= Constance V. Mitcham =

Politician in Saint Kitts and Nevis

Dame Constance Viola Mitcham, (born 1947) is a politician in Saint Kitts and Nevis. She was the first woman elected to the National Assembly for that country. She was also the first woman to serve as acting prime minister for the country.

She was born in Sandy Point Town and completed her education to high school in St. Kitts. She continued her education in England, earning a LLB from Kingston University in 1971. The following year, Mitcham completed her legal studies at the Middle Temple and was called to the bar of England and Wales. In 1972, on her return to the Caribbean, she was called to the bars of Saint Kitts and Nevis, Anguilla, the British Virgin Islands and Antigua. Mitcham also became registrar for the high court, chief magistrate and supervisor of elections for the British Virgin Islands, president of the bar association for Saint Kitts and Nevis and senior magistrate for Saint Kitts.

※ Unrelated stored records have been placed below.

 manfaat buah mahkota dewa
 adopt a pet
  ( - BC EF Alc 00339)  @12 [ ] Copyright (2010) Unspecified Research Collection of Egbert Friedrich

She was elected to the national assembly for Saint Kitts and Nevis in 1984 as a member of the People's Action Movement and served as minister of health, women's affairs and labour until 1995, when she left politics.

Mitcham is founder and head for the legal firm of Mitcham and Benjamin. She also serves as Ambassador Extraordinary and Plenipotentiary and special advisor to Timothy Harris, the Prime Minister of Saint Kitts and Nevis.